回去的路并不算远,齐焉想着要低碳生活就没有开车来,周唯简直都快哭了——他的体力从小就不算太好。
“你为什么要出门?”齐焉闲的没事做,就问他。
“买酱油。”周唯哼哼唧唧地回答他。
“家里不是有吗?”
然后周唯就不说话了。
许久过后,周唯才回答他说:
“今天是4月2日。”
4月2日。
大约是十年前的今天,那时候有个人还在世,韩捷还一如既往地和他三天小吵五天打架,周唯的脚还没有落下行走不便的毛病,齐玖源还没有出生,齐焉才刚刚毕业。
他对他说,我爱你。
很简单的三个字。
“你还记得啊。”齐焉笑着说。
周唯看着他,鄙夷的眼神就已经把他的心情告皆世人。
z大附近有一家蛋糕店,非常受那些姑娘们欢迎。

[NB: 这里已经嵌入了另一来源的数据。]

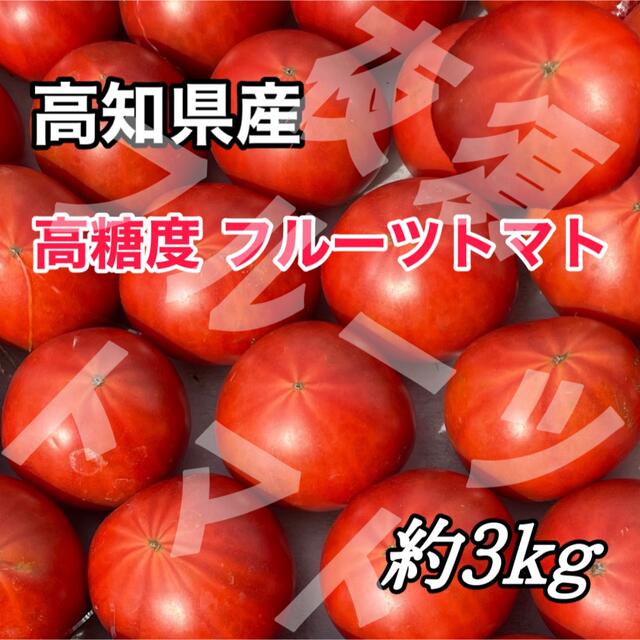 夜須フルーツトマト 高知県産 高糖度 食品/飲料/酒の食品(野菜)の商品写真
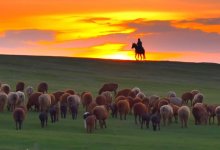 Завораживающий закат в степи восхитил казахстанцев (ВИДЕО)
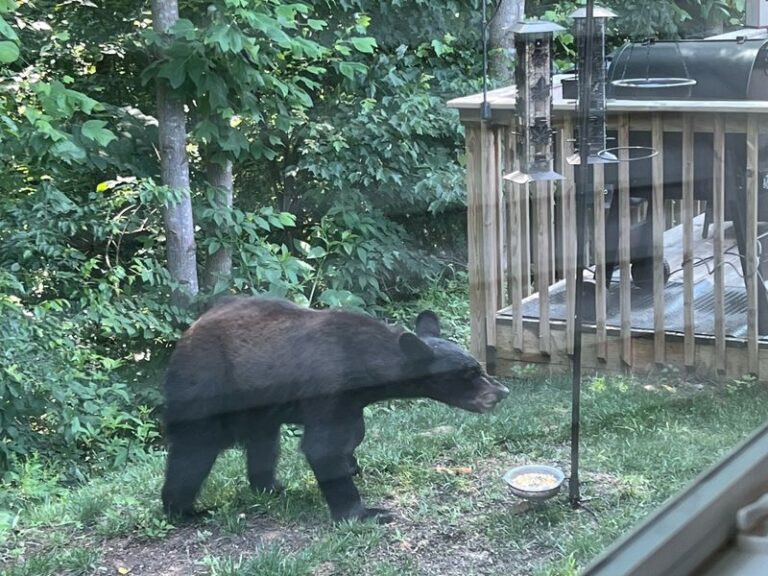 What To Do In The First Few Seconds When A Black Bear Wanders Into Your North Carolina Yard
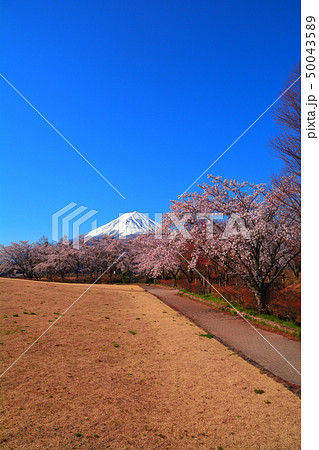 河口湖八木崎公園の桜並木と青空快晴の富士山　2019/04/18 50043589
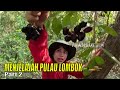 MENJELAJAH PULAU LOMBOK | JEJAK PETUALANG (02/12/23) Part 2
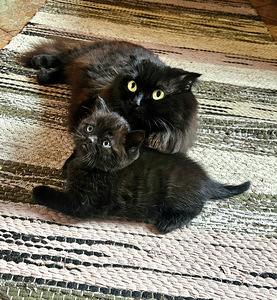Scottish Fold/ Straight kassipojad (2 foto / 8)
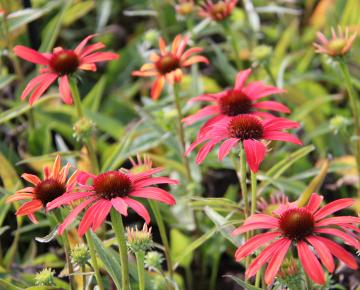 Echinacea purpurea 'Sunseekers Coral' PBR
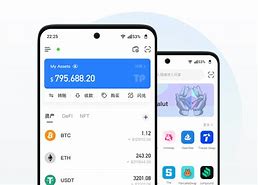 tokenpocket下载，免费入口tiktok无需下载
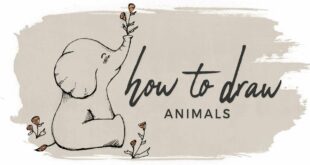 How to Draw Animals | Doodle with me!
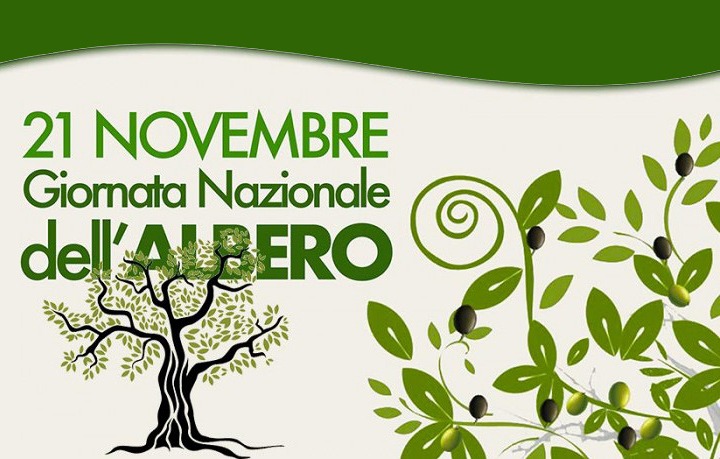 21 novembre : Giornata nazionale dell’albero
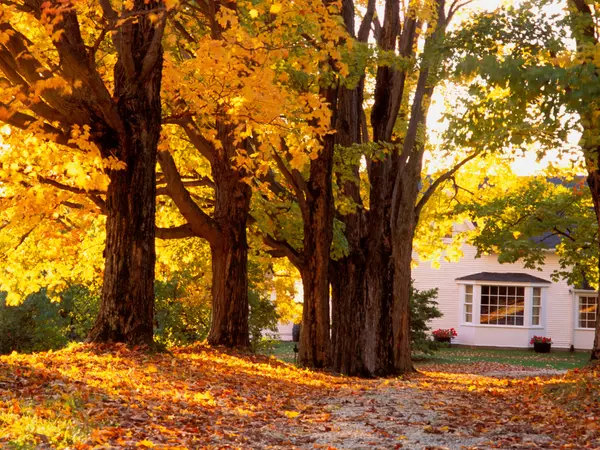 Why Fall 2023 is the Worst Time to Find Your Colorado Dream Home,The Brokerage Group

齐焉问周唯,要不要进去吃?
周唯点点头说,此时不吃待何时?
周唯是一辈子的抹茶厨,看着橱柜里的抹茶蛋糕,然后一副非常期待的样子看着齐焉。
周唯是典型的南方人口味,嗜甜,实在是非常好满足。他牵着齐焉的手非常欢快地走着——虽然他不认得路。
齐焉被他的这一个动作弄得有些呆愣。直到周唯问他怎么了他才反应过来。
“小唯。”
齐焉突然叫住了周唯,而周唯回头应了一声。
“我爱你。”
就算周唯脸皮再厚也难免脸红耳赤,更何况他脸皮根本不厚。
“你这家伙……”
今天他穿越了十年的时光,也对他说了同一句话。
不过周唯的回答并没有如出一辙。
毕竟【肉麻死了】与【我也是】的差别还是非常大的。
作者有话要说: 我是听着a路人和kb的神经病之歌写完的我整个人都哈哈哈哈哈哈哈哈哈哈哈哈哈哈哈哈哈哈哈哈哈哈哈哈了
☆、三个番外
4月5日。
清明时节雨纷纷。外面下着正绵绵细雨。
音响里传出一阵悠扬的二胡声,是工作室新出的曲子《凤凰于飞》。黄澈安穿着一件长袖外套和短裤,鼻子里塞着一纸巾哼哼唧唧地打着字,手速丝毫不减。